I hunted up two obituaries in newspapers from 1892 and 1901. The 1892 newspaper was every bit as florid in writing style as anything Bret Harte ever wrote.

I had someone try to get a new library card but discovered that he already had a card and owed us $30 for overdue and lost books. Apparently he really wanted to check out more books because he went to the bank or something and came back 15 minutes later with cash to pay his fines.

Right at closing the phone rang. I should have let it go but I picked it up. It was a woman complaining that she was unable to place a hold request for a book through the online catalog. I explained that some books cannot be checked out of the library and therefore cannot be held. She insisted that this couldn't be one of those. It was, of course. An old copy of Elsie Dinsmore by Martha Finley. It's part of a collection of early children's books that are in our "rare book room" and cannot be taken from the building, though anyone who asks can usually sit in there and read them. For some reason she just couldn't understand the concept. Again and again she asked why she couldn't check the book out. I told her that it is available easily in a modern paperback (only because it's a classic, it's actually a pretty poor excuse for a story) but she insisted that she needed a library copy. I wasn't about to fill out an interlibrary loan request form for her over the phone when it was already ten minutes past closing, so I told her she should come in to the library to do that.

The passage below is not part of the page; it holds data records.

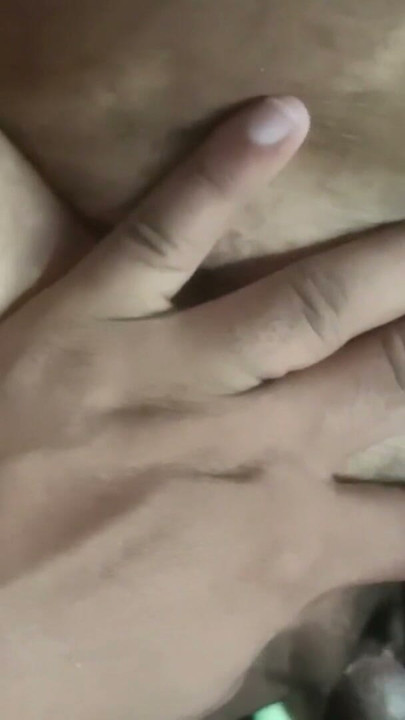 Sex Romantic Sex Romantic Sex Big Tits Big Ass Big Local Sex Boyfriend Girlfriend Sex Morning Sex | Clip 1
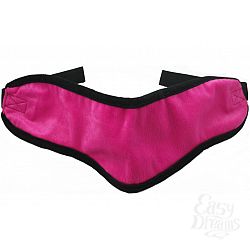       Doggie Style Strap   Heart Shaped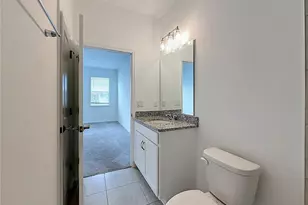 418 Quayside Ave Ave, Mascotte, FL 34753 - Photo 29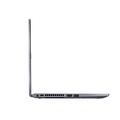 ASUS Laptop X409FA - 14''''/i3-10110U /4GB/512GB SSD/W10 Home (Star Grey/Plastic)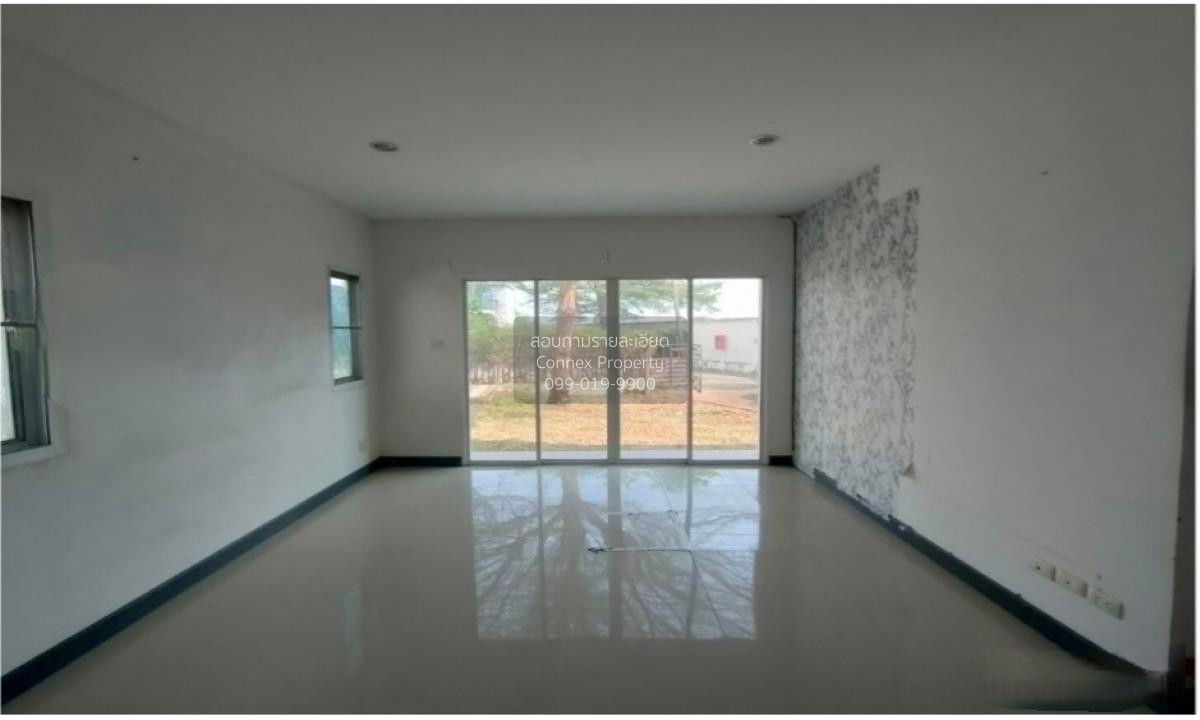 รูป ขายบ้าน  ลิฟวิ่ง นารา รังสิต คลอง 4 บึงยี่โถ ธัญบุรี ปทุมธานี CX-101851 ✅ ทักไลน์ @connexproperty ตอบทันที ทีมงานมืออาชีพ ✅ - รูปที่ 10/12
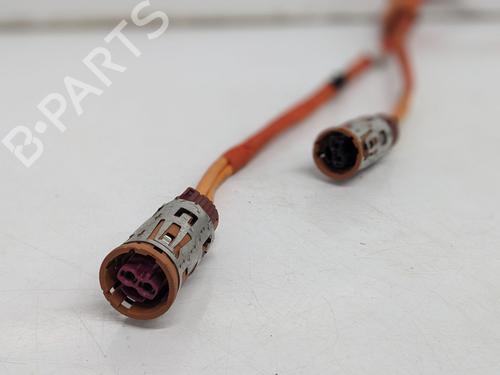Kabel BMW i4 (G26) eDrive40 | BP29694953E12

Elsie Dinsmore is one of those dreary Victorian didactic books intended to teach children "proper behavior, faith in god, and respect for their elders." It's just awful stuff, about a girl whose father went away on business and didn't come back for a long time. Her mother was already dead, and she was left in the care of an aunt or step-mother, if I remember correctly, who abused her horribly but her faith in god and her father got her through it all with proper meekness and self-effacement, as would always have been prescribed for a teen girl of the era. The whole text is probably in Project Gutenberg where anyone can download it, but there was no point in suggesting that to this caller. Picture Harry Potter living with the Dursleys, only he never gets to go to Hogwarts at all. That's what it's like.